Digital Rights Management, you have heard the term used in many a negative sentence over the years but can it be done well? Steam sets an excellent example on how to achieve near perfect DRM but how can this model be extended to all publishers? Valve has kindly updated their Steamworks 2009 Brochure with a bit of insight into how Steamworks can handle this process for any potential Steam game provider.
Valve Corps Steamworks' anti-piracy suite combines three approaches to anti-piracy: (1) Custom Executable Generation, (2) Retail Encryption, and (3) Valuable Platform-Dependant Features.
1. Custom Executable Generation
Custom Executable Generation creates a unique build of your game for each user, making it difficult for any one user to share the game with any other user. Each individual copy of a CEG-protected game is only playable by the Steam account authorized to access it. CEG is transparent, and does not impose limits on users. It lets users access their content from any hardware, and allows unlimited hardware configuration changes without the content becoming unplayable. In fact, no changes are made to a user's computer for CEG to work. Instead, CEG works in tandem with Steam authentication, enabling content access based on user accounts, not arbitrary hardware-based "rights-management" restrictions.
2. Retail Encryption
Protect your day-one release by shipping encrypted media to stores world-wide. No need to worry that your game will leak from a replicator or stock room, Your game stays encrypted until the moment you decide to release it.
Encryption technology also allows you to preload your game to users on Steam.

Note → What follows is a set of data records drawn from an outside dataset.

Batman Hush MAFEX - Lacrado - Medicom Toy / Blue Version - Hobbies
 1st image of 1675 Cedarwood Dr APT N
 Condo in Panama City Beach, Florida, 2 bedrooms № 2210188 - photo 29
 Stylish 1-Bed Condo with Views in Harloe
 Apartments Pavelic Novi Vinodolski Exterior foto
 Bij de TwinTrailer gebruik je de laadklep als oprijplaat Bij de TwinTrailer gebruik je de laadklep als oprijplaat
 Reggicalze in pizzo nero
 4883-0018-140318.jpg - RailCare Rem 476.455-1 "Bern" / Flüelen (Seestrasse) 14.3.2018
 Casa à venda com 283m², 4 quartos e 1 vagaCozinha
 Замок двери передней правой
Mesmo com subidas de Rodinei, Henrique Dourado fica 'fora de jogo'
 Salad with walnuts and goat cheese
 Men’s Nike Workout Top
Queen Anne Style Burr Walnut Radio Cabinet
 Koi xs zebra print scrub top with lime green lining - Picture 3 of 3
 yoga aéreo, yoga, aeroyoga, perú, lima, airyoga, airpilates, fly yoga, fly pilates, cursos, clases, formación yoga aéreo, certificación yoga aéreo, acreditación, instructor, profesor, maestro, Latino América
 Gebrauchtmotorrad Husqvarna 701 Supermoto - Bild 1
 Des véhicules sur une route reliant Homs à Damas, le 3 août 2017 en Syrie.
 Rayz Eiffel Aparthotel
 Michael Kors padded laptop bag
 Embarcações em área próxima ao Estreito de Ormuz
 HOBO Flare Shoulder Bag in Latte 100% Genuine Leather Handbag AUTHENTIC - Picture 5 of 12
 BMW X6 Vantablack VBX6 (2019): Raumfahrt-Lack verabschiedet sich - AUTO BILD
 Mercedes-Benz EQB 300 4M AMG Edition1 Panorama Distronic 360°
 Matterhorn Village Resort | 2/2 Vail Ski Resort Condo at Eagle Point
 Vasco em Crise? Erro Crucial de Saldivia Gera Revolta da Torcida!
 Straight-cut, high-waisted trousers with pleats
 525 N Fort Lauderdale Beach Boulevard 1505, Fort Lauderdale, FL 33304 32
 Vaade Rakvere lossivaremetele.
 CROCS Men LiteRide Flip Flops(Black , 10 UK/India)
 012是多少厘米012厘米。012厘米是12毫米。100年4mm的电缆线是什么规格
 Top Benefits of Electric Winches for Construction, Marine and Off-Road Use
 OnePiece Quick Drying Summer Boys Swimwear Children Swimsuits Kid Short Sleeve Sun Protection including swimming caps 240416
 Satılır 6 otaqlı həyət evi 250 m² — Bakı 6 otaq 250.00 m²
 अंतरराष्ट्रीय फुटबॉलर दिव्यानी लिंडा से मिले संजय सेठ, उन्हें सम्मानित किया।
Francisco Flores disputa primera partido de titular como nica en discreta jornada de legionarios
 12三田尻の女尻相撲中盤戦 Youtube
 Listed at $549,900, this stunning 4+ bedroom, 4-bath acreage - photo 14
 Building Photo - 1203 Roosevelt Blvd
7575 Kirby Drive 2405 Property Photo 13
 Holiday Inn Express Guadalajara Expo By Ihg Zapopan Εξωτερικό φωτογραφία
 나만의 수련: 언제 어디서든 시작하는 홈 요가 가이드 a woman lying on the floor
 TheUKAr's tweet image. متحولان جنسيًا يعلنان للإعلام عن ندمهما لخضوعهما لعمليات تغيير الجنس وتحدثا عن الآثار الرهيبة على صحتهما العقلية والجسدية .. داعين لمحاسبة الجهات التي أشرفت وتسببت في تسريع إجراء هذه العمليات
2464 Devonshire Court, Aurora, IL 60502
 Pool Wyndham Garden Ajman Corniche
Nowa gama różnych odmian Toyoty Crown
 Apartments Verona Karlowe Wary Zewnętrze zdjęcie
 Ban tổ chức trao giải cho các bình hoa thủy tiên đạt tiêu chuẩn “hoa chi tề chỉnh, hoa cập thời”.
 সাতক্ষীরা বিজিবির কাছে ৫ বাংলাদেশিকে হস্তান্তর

Download encrypted data weeks in advance so that players have access to your game the moment it's released, increasing player numbers and satisfaction during the critical first days.
3. Valuable Platform-Dependant Features
Customers won't want to pirate a game that's connected to 20 million gamers and a feature-rich platform. Features like Steam Achievements, Anti-Cheat, Auto-Updating, and Steam Cloud simply don't exist outside of Steam.